- _What you will do_
Starting with the first line and ending with the last, copy the entries word for word.

- _Records for this task_
· · · ·

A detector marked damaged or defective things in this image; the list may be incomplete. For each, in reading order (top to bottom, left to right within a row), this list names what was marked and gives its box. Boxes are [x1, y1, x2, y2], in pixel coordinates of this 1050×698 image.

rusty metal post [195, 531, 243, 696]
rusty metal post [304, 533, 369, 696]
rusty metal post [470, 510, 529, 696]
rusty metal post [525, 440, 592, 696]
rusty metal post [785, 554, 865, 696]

· · · ·

- _Result of this exercise_
A detector marked damaged or defective things in this image; the list may be incomplete. For each, in reading order (top to bottom, left to right within a row), this list names what was marked and gives its box. Boxes are [x1, y1, x2, y2], in pixel coordinates of this 1050×698 image.

rusty metal post [195, 531, 243, 696]
rusty metal post [304, 533, 369, 696]
rusty metal post [470, 510, 529, 696]
rusty metal post [525, 440, 592, 696]
rusty metal post [785, 554, 865, 696]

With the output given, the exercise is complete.